FDI firms in Vietnam perform poorly in organizational transparency
Company scores in Organizational Transparency. 0% means the least scoring and 100%, the maximum scoring. Source: TRAC Vietnam 2018

According to TRAC Vietnam 2018, in practice, experience indicates that the majority of multinational subsidiaries operating in Vietnam typically have not established second-tier subsidiaries, either in Vietnam or outside of Vietnam. Nonetheless, searches identified information on second-tier subsidiary holdings and operations by some foreign companies in Vietnam and abroad.

Limited transparency in this area is problematic and limits Vietnamese stakeholders’ ability to understand and hold to account foreign businesses operating in the country.

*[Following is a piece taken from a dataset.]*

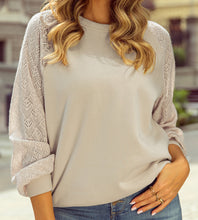 Juniper Raglan Sleeve Sweatshirt (S-XL)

Meanwhile, given the regulatory requirements mentioned above, these low scores raise the question of the effectiveness of enforcement and sanctions on noncompliant companies.

TRAC Vietnam 2018 also showed that disclosure of company ownership and structure of a company group and related party transactions is a recognized principle of effective corporate governance. It reveals inter-connections between companies and facilitates detection of illicit financial flows, thus limiting opportunities for corruption and other financial irregularities.

Therefore, these results clearly show the importance of legally mandated transparency as well as the limits of voluntary disclosure. Vietnam has enacted regulations prescribing disclosure of information by companies, such as ownership, structure and subsidiaries.

These regulations have set PLCs and SOEs on the path to good practices in organizational transparency and TRAC Vietnam 2018.

At the same time, large multinationals tend to neglect public disclosure of their subsidiaries abroad, in the absence of such a compulsory requirement for these companies. This lack of information limits monitoring and oversight by local stakeholders in countries where these subsidiaries operate.